Communication with the teachers.
We have a conference with our daughter’s teachers in the first couple weeks of school to meet them, get to know each other, give them a heads up on what they can expect and let them know what has worked in the past, and what definitely didn’t work. This starts the year out on a positive note, knowing that we are all in this together, and there is open communication.

A planner is a MUST!
If the school doesn’t provide one, you can choose from many different styles at a Staples, Office Max, Target, Walmart etc. My daughter found that the school’s was cute, but the style didn’t work for her – there was little room to write assignments because of the tidbits of info and little facts cluttering the pages. It was a distraction for her.

Have the teachers check that he has written down the assignments (and due dates if necessary) and initial it before your son leaves the class.

When the assignments are done AND back in the backpack, then you initial the planner.

Check the teachers’ website daily.
Many teachers post the assignments on their web page on the school website which is a God-send! Bookmark it! I check it against what my daughter has written down in her planner so we don’t miss anything and are aware of/can plan for any thing coming up.

Organization is a must with so many different teachers.
There are different ways to keep papers organized and we tried several before we found one that worked for her.
1. 1 big zippered binder with a diff colored folder for each diff class.
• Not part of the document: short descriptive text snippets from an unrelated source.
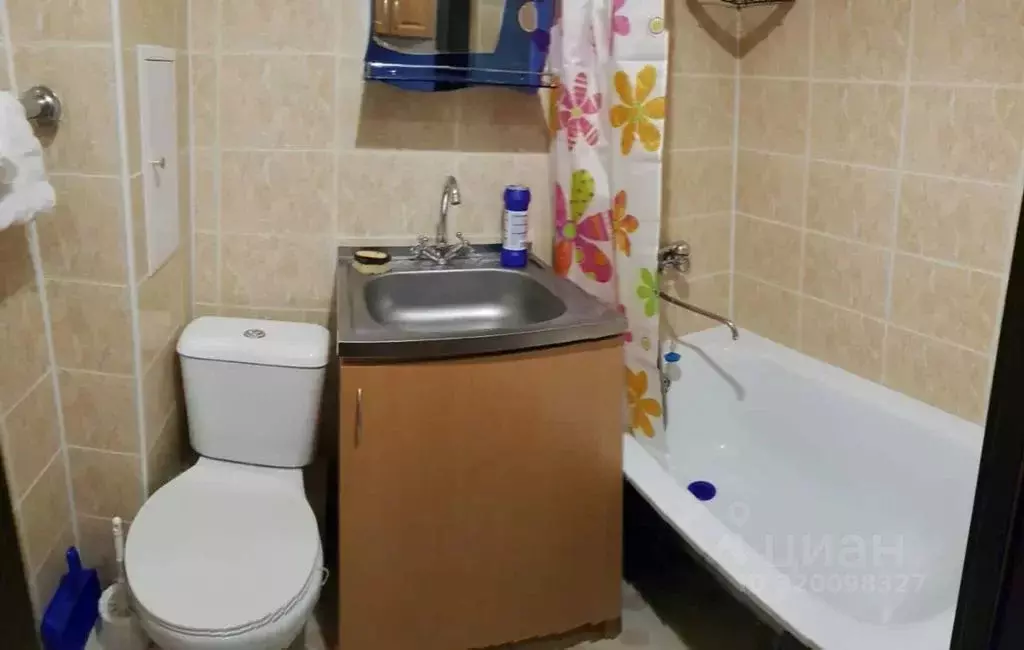 1-к кв. Приморский край, Владивосток ул. Кирова, 62 (20.0 м) - Фото 1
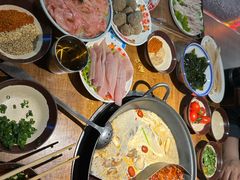 -楠火锅(西单店)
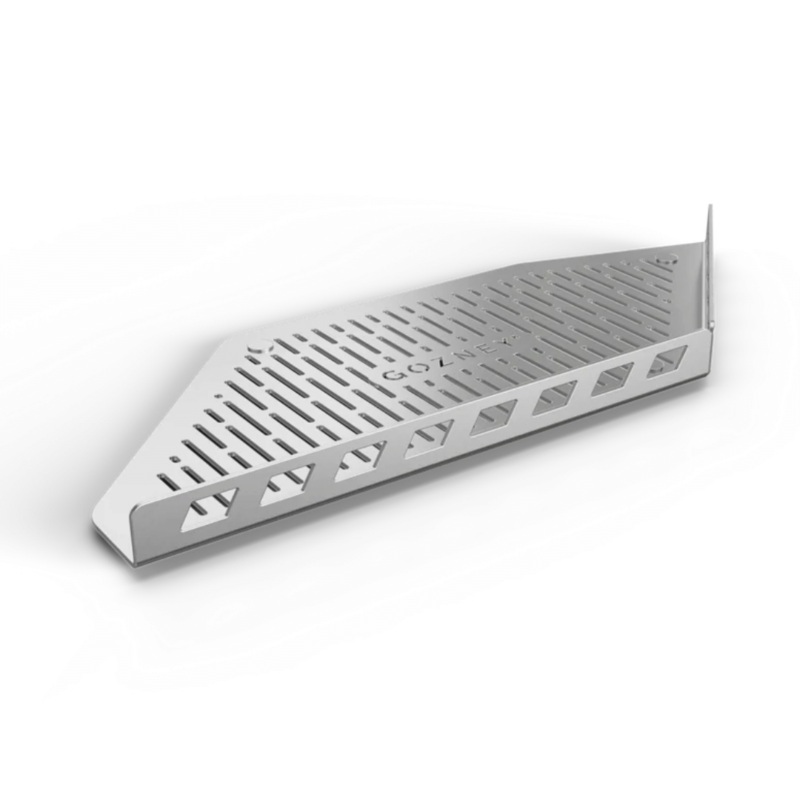 Gozney Wood Rack for Dome Oven Stainless Steel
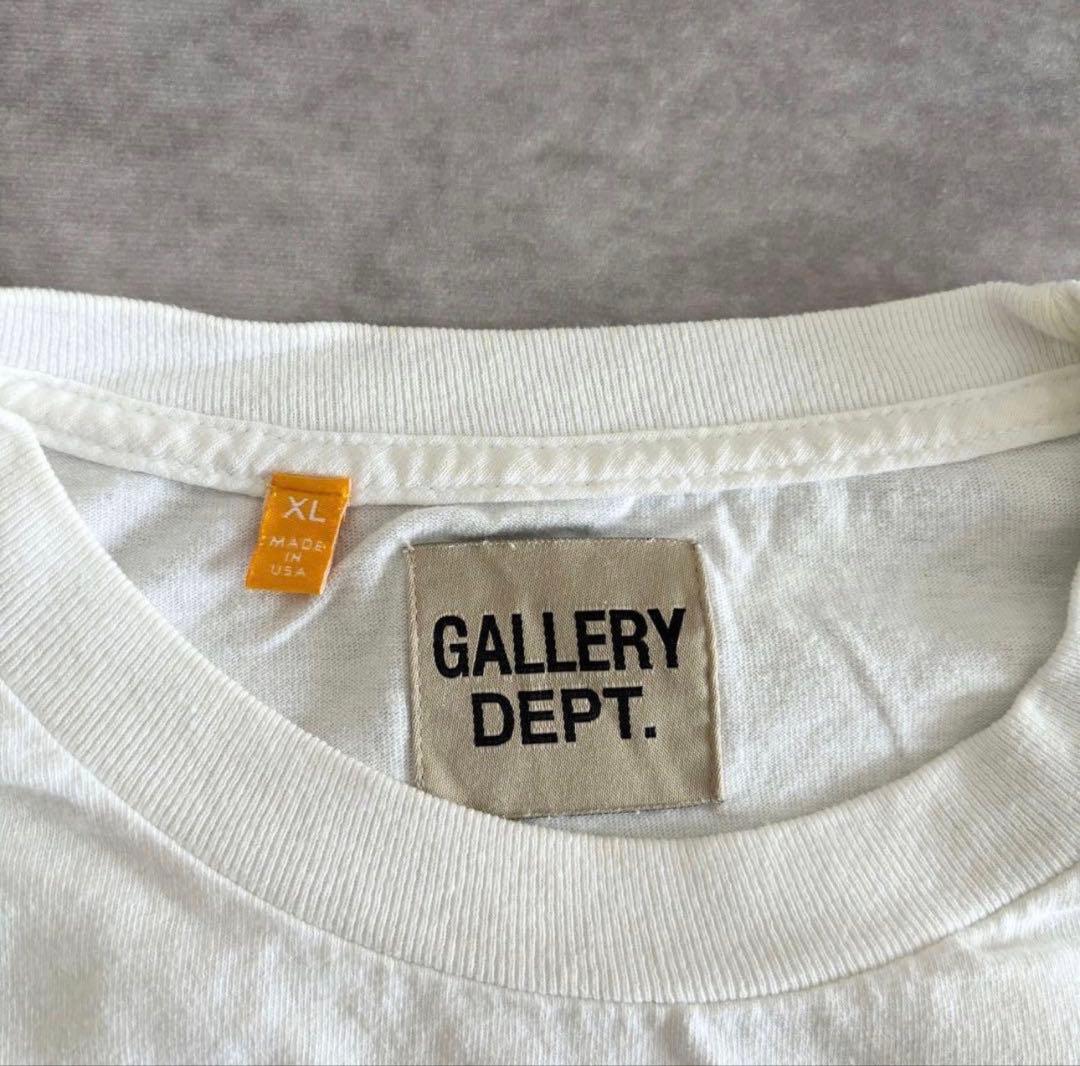 【GALLERY DEPT.】【美品】ART THAT KILLS Tシャツ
Everything (notes, handouts, packets) goes in this binder.
2. 1 binder for each separate class, each a diff color.
3. same as above with the addition of 1 “homework” folder or binder. Only the homework binder comes home, not each classes binder. This worked for my daughter so her backpack wasn’t crammed full. We had a HMWK TO DO pocket file and a HMWK DONE pocket file. She also kept her planner, thumb drive, pen and pencil holder, loose leaf paper, a ruler and a calculator in this binder.

A homework schedule/routine
We agreed on and printed out an after school routine and schedule then posted it at her desk so she could keep on track with her time.

Exposure before hand
For anxiety reasons, we went to school a week or two ahead of time to run through her schedule, find the classrooms, find the locker, try out the combination, etc. We were lucky enough to even meet a few teachers and she got to talk to them one on one on a casual level. That was extremely helpful in alleviating some anxiety.

Hope that helps!

– Posted by dolanjamm

A Reader Answers

I can recommend two great books:
Late, Lost, and Unprepared: A Parents’ Guide to Helping Children with Executive Functioning by Joyce Cooper-Kahn by Laurie Dietzel

Smart but Scattered: The Revolutionary “Executive Skills” Approach to Helping Kids Reach Their Potential by Peg Dawson

– Posted by staypositive

A Reader Answers

It sounds overwhelming, however there is light at the end of the tunnel. One of my son’s teachers told me that kids with ADHD sometimes do better in middle school because of the forced change every hour. She was right. He did a lot better. However, the distraction of girls was and still is an issue. He seems to do very well in the beginning of the year where there is lots of structure, but once a routine sets in he tends to slack.

One huge thing that should help your child is a planner. The hardest part for a parent is having to watch your kid fail. This is especially challenging for us parents that have had to fight so hard for our children. I felt the same way with all of the exact anxiety, and I promise it will be better than elemantary school.